– Veremos, más adelante, veremos… -fue la siguiente respuesta cuando, seis meses después, el anatomista le recordó su asunto al Papa.
– Hijo, deberíais confesaros, pues habéis cometido grave pecado -dijo paternalmente Alejandro Farnesio-; acabáis de revelarme aquello que, ante la comisión, jurasteis no decir a nadie.
Mateo Colón no salía de su indignado asombro. El mismo le había salvado la vida y así se lo agradecía Su Santidad. Y no solamente le quitaba toda esperanza de ver publicada su obra, sino que, además, se permitía amonestarlo.
Mateo Colón terminó por desear que, de una buena vez, el decrépito e ingrato de Alejandro Farnesio se muriera.

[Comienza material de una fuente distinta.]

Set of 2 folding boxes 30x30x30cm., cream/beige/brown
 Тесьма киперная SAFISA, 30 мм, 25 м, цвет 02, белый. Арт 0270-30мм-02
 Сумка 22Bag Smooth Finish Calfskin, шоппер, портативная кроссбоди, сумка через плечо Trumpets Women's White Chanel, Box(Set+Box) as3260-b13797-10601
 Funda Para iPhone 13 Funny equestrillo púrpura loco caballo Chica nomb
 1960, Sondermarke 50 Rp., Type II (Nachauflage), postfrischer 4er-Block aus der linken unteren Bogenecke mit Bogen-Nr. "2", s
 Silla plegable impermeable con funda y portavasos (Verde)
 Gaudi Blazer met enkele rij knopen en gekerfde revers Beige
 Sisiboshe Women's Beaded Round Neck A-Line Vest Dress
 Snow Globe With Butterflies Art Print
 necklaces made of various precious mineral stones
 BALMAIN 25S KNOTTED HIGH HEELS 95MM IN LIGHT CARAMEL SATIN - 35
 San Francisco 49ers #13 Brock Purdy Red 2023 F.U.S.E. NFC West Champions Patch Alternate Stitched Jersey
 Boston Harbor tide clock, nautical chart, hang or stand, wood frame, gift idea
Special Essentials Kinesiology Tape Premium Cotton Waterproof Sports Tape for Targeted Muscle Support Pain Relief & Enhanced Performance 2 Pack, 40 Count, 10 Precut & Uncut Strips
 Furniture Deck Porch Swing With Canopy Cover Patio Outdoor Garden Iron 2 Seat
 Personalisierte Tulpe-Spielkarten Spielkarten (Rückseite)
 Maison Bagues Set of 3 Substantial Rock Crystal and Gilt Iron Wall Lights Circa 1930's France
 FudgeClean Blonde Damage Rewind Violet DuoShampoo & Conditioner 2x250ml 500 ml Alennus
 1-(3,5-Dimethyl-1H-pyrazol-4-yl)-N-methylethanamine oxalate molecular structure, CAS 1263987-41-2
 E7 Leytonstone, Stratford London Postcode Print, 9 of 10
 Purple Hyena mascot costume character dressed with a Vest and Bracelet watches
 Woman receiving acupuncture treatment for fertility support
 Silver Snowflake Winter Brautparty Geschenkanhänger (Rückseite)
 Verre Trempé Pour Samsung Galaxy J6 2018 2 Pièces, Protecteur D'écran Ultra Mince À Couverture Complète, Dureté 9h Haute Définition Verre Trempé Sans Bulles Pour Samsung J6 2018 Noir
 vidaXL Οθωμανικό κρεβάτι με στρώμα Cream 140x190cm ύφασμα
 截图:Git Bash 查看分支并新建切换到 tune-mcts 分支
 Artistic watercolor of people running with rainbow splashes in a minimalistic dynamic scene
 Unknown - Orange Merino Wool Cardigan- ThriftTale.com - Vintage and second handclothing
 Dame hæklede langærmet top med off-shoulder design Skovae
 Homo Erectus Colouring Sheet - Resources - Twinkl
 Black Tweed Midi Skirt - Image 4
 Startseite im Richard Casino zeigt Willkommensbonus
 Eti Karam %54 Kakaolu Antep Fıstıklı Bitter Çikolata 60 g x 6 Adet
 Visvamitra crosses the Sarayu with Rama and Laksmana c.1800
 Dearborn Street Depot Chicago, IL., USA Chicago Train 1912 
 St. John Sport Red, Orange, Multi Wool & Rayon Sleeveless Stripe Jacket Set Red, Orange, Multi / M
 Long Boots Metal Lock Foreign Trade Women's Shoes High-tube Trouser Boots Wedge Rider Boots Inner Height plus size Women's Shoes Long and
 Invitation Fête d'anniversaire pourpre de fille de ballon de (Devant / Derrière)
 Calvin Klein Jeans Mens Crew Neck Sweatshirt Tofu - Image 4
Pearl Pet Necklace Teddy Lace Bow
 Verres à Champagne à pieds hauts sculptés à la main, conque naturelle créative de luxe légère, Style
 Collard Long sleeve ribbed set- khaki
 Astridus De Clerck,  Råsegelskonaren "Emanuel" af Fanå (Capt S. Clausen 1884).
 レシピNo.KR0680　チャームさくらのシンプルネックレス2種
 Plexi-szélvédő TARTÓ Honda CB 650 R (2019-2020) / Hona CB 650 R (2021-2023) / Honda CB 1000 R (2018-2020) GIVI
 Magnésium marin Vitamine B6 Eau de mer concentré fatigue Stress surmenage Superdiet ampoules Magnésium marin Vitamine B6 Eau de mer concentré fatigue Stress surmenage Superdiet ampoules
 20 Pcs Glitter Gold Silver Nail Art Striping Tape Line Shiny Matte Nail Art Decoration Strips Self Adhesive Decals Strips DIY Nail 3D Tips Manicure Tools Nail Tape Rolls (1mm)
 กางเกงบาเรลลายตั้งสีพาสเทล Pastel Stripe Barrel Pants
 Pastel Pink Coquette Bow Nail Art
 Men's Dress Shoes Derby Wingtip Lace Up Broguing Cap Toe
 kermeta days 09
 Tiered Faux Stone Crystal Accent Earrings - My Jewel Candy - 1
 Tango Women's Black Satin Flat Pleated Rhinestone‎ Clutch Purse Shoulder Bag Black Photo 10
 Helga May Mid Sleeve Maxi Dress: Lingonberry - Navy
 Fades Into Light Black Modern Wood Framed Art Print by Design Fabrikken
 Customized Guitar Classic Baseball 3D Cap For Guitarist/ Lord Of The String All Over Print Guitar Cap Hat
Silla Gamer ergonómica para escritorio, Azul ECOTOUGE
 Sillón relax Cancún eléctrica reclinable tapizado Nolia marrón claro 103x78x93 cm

Finalmente, él era la mano de Dios y, así como podía dar la vida -tal como lo había hecho con su agónico paciente- también podía quitarla. ¿Acaso no era ya el médico personal del futuro Papa?
Su amistad con el cardenal Alvarez de Toledo se consolidaba día tras día; tenían un mismo anhelo y, cada vez que hablaban de la salud de Su Santidad, no podían evitar una mirada cómplice entre ambos. Jamás dijeron una sola palabra sobre sus secretos deseos; no hacía falta.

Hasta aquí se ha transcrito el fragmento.